PROBLEM TO WORK ON
Your answer should be the full data, transcribed exactly, with no pictures in it.

DATA EXCERPT
________

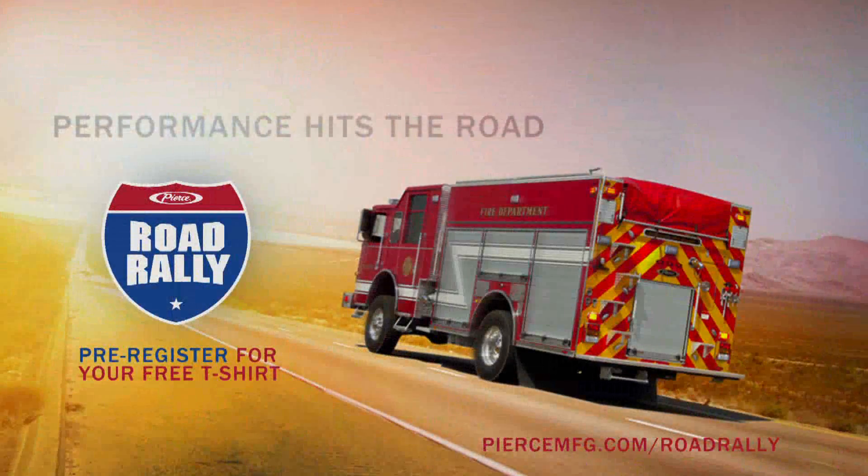Thanks for following the Pierce Road Rally on YouTube and Facebook. There's more to come. We'll be right back.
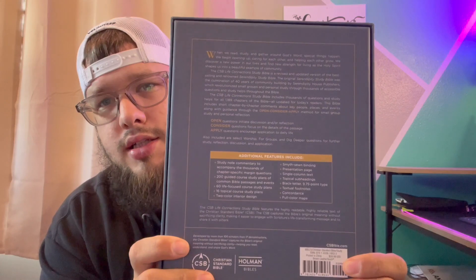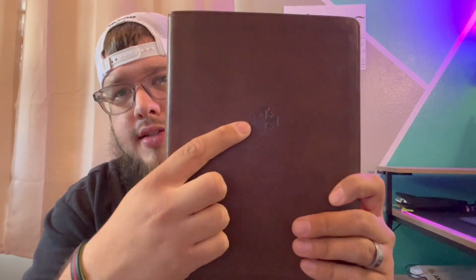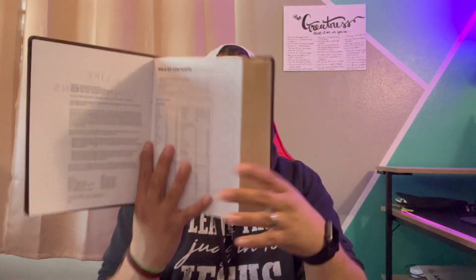It says on the cover: Life Connections Study Bible, and in small print, for personal and study use. Here's the back of the box — you can pause it, zoom in, screenshot it, do what you want. It's a two-piece box, really nice. And then boom, here it is — that brown leather touch. Gorgeous. What Holman does with their leather touch is amazing. It has a Jerusalem cross on the front and on the spine — Life Connections Study Bible, Christian Standard Bible, Holman — with some tooled lines. It is perimeter stitched, paste down liner. They have a few editions: navy leather touch with index, brown leather touch with index, paperback, and Smithstone. Here's your table of contents.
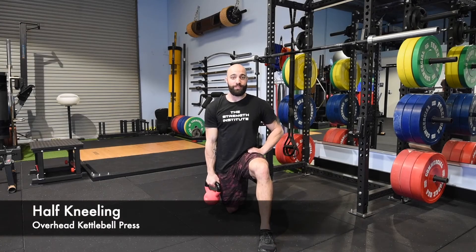Half Kneeling Overhead Kettlebell Press. For this one we're working on positioning for all your other overhead work.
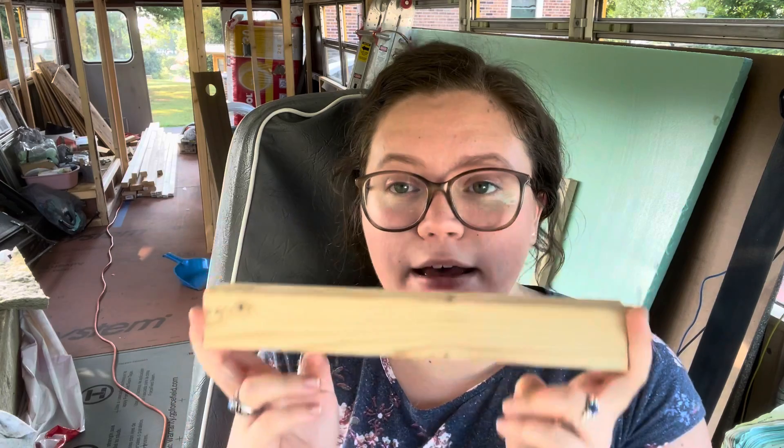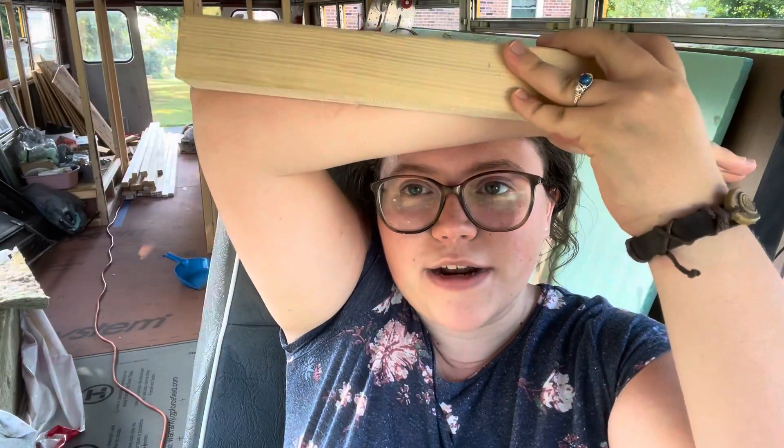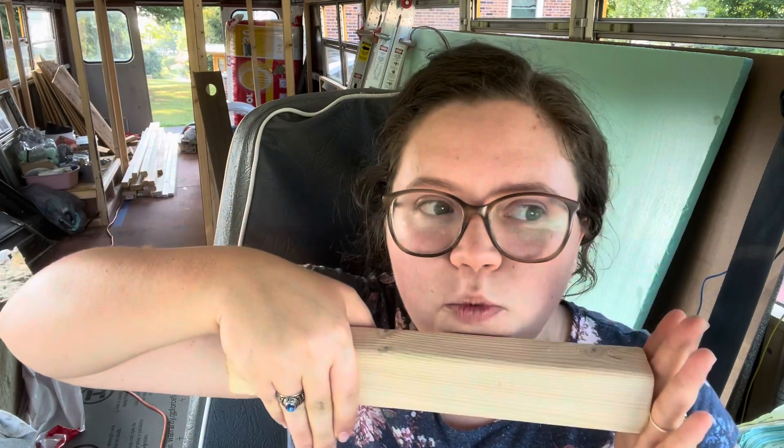I cut pieces of two-by-twos — in my case I just take two-by-fours and split them down the side, because that's cheaper and easier since I have a table saw and my hardware store doesn't have a good selection of two-by-twos. I butted them up on either side of the metal beam, cut to a specific length. There ended up being about six on each curve, and with 10 curves in my bus that's 60 chunks — one board per run, so 10 boards, which was five two-by-fours.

________

COMPLETED TASK
Thanks for following the Pierce Road Rally on YouTube and Facebook. There's more to come. We'll be right back.
It says on the cover: Life Connections Study Bible, and in small print, for personal and study use. Here's the back of the box — you can pause it, zoom in, screenshot it, do what you want. It's a two-piece box, really nice. And then boom, here it is — that brown leather touch. Gorgeous. What Holman does with their leather touch is amazing. It has a Jerusalem cross on the front and on the spine — Life Connections Study Bible, Christian Standard Bible, Holman — with some tooled lines. It is perimeter stitched, paste down liner. They have a few editions: navy leather touch with index, brown leather touch with index, paperback, and Smithstone. Here's your table of contents.
Half Kneeling Overhead Kettlebell Press. For this one we're working on positioning for all your other overhead work.
I cut pieces of two-by-twos — in my case I just take two-by-fours and split them down the side, because that's cheaper and easier since I have a table saw and my hardware store doesn't have a good selection of two-by-twos. I butted them up on either side of the metal beam, cut to a specific length. There ended up being about six on each curve, and with 10 curves in my bus that's 60 chunks — one board per run, so 10 boards, which was five two-by-fours.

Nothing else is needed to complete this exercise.